Gwen Stefani and Blake Shelton’s romance has been an opposites attract situation from the jump: She’s just a girl who once stood as an anti-establishment punk pop icon, while he’s a country music superstar with a history of very bad tweets.
Their love story took many of her longtime fans by surprise, but that hasn’t stopped the couple from falling hard for each other. After meeting on the set of “The Voice” back in 2015, the two dated for years before announcing their engagement in October.
Some still have lingering questions about Stefani’s own political beliefs, especially considering Shelton’s apparent conservative leanings and past statements about Donald Trump.
Speaking with Paper magazine in a cover story published on Wednesday, Stefani fielded a question about whether “she’s a Republican now” given her ties to Shelton.
“If you’re going to be a star, that’s what you get,” she told the outlet. “You know what I mean? You get what you get, and you don’t get upset, at all.”
“I can see how people would be curious, but I think it’s pretty obvious who I am,” she continued. “I’ve been around forever. I started my band because we were really influenced by ska, which was a movement that happened in the late ’70s, and it was really all about people coming together. The first song I ever wrote was a song called ‘Different People,’ which was on the Obama playlist, you know, a song about everyone being different and being the same and loving each other. The very first song I wrote.”
She went onto describe how her early work with No Doubt was influenced by ska groups, including The Specials and The Selecter, because of “what they were doing in the late ’70s was this whole kind of anti-racism, we come together, Black and white ska movement.”
But Stefani stopped short of explicitly expressing where she falls on the political spectrum, explaining that in her eyes the “whole point of voting” is having “this personal space to feel how you feel.”
“I use my platform to share my life story and to engage with people and to exchange whatever gift I was giving,” she continued. “I’m not a political science major.
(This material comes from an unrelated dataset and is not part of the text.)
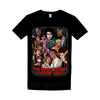 Rocky Horror Show - If - Art musical classique du film d'horreur - T-shirt de Peter Panayis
I am not that person. Everyone knows that. So why would I even talk about it?”
Stefani has historically supported Democratic politicians, hosting a fundraiser alongside Michelle Obama back in 2012, while she and Shelton performed a duet at former President Barack Obama’s final state dinner in 2016.
Shelton has been similarly cagey about his political leanings after stirring controversy (and attracting Debra Messing’s Twitter wrath) for appearing to defend Trump ahead of the 2016 presidential election.
“Whether you love him or hate him, he says what he thinks, and he has proven that you don’t always have to be so afraid,” he told Billboard. “A lot of people are pulling for him, no matter how much Hollywood fights it. I see people who don’t like him go and beat up people that do like him. You tell me, who’s crazy here? I probably wish there was another option, but there’s not.”
A year later, the singer posed for a photo with then-House Speaker Paul Ryan, which only fueled the speculation about his right-leaning political beliefs.